Tuesday, February 26, 2013

Ankimo Rabbit Hole

On a rare day, I'll eat something so good that if there's anything better, I don't want to know. Last week I was fortunate enough to bring down my gullet the nuttiest creamiest most delicate ankimo ever.  Ankimo is the liver of the monkfish- a critter unfortunate enough to be endowed with an unusually large and delicious tube of liver. Ankimo is oft said to be the fois gras of the sea and is equally fraught with moral dilemma.

From the lovely presentation above, you would never suspect anything to be amiss. Monkfish is caught predominantly by indiscriminate trawling which is a terribly destructive way to go about pleasing liver loving saps like me. There are many things in life that are so wrong yet so good.  The gustatory pleasure really overrides any sense of shame I should feel.  If you've made up your mind to do something against your principles, you might as well enjoy it and not feel guilt. You can see I was not raised Catholic.

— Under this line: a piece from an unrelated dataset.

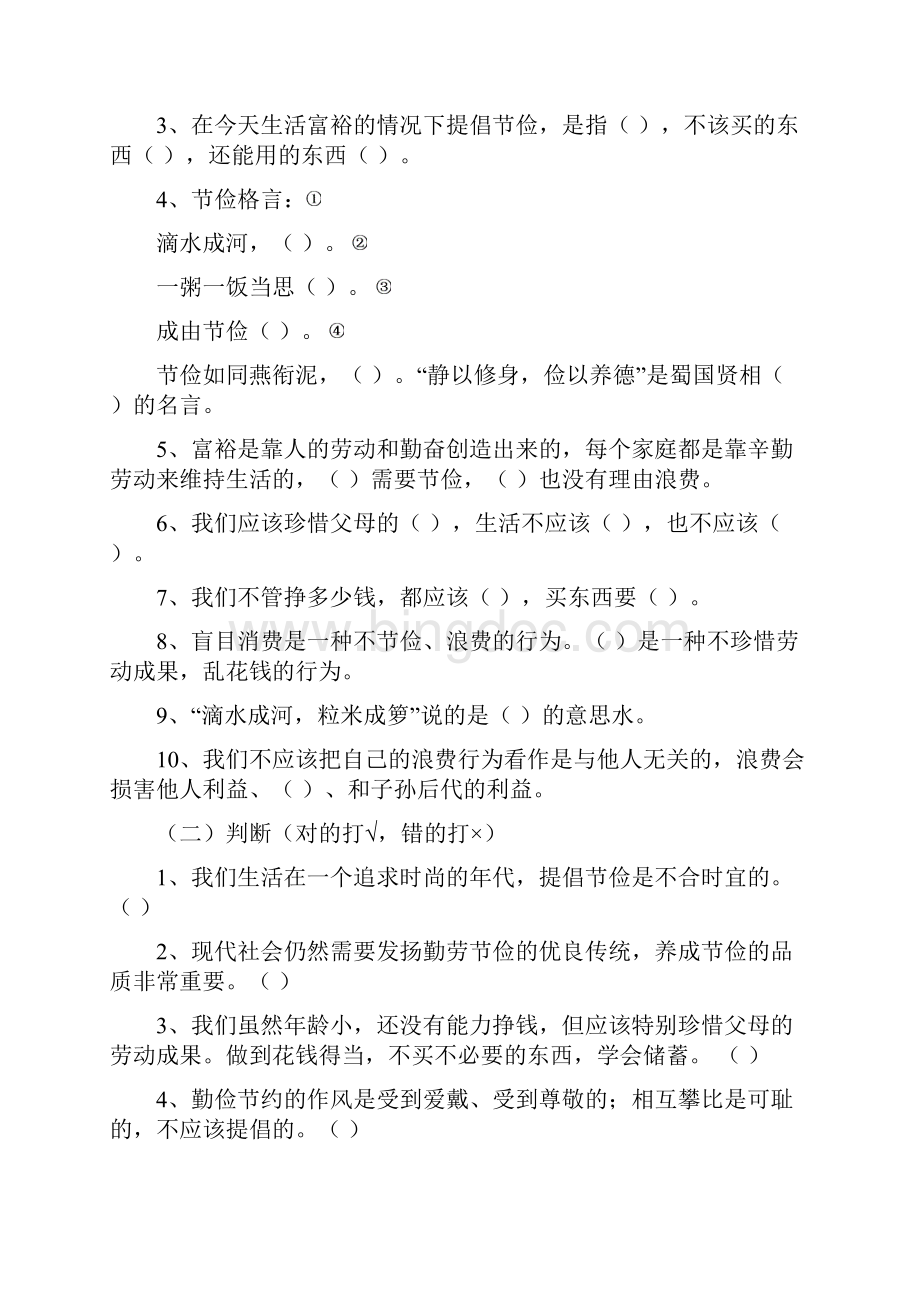 下期六年级 品德与社会 上册 复习题B作业.docx_第3页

This particularly stellar example of ankimo was served at Sushi Sho. The chef Aki-san, who my husband dubbed Sake-san since he kept slugging surprising amounts of sake between sashimi sets, worked skillfully in putting our dinner together.  You can see he did not skimp on the momiji oroshi - grated daikon with red chili pepper. "Momiji" is Japanese for maple or autumn foliage;  Japanese are fond of poetic references.

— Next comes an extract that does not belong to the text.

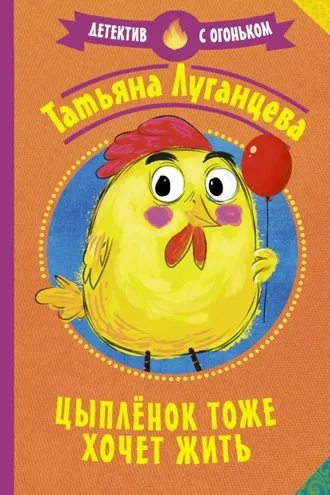 Обложка книги «Цыпленок тоже хочет жить»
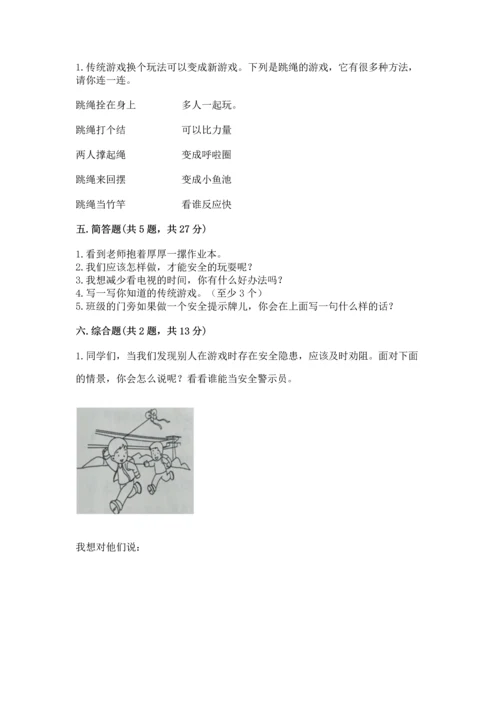 小学二年级下册道德与法治期中测试卷附参考答案【预热题】.docx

There is a cult of sushi eaters who swear by specific chefs who manage to procure the "freshest" fish possible and present it skillfully.  Much of the raw tuna and other sushi served at sushi restaurants has been super frozen and jetted around multiple times.  The process of super freezing to -60F allows the sushi to store perfectly for years. Our ideals of freshness and the realities of industry practice can easily be hidden away as few diners really know what belies a plate of nigri sushi.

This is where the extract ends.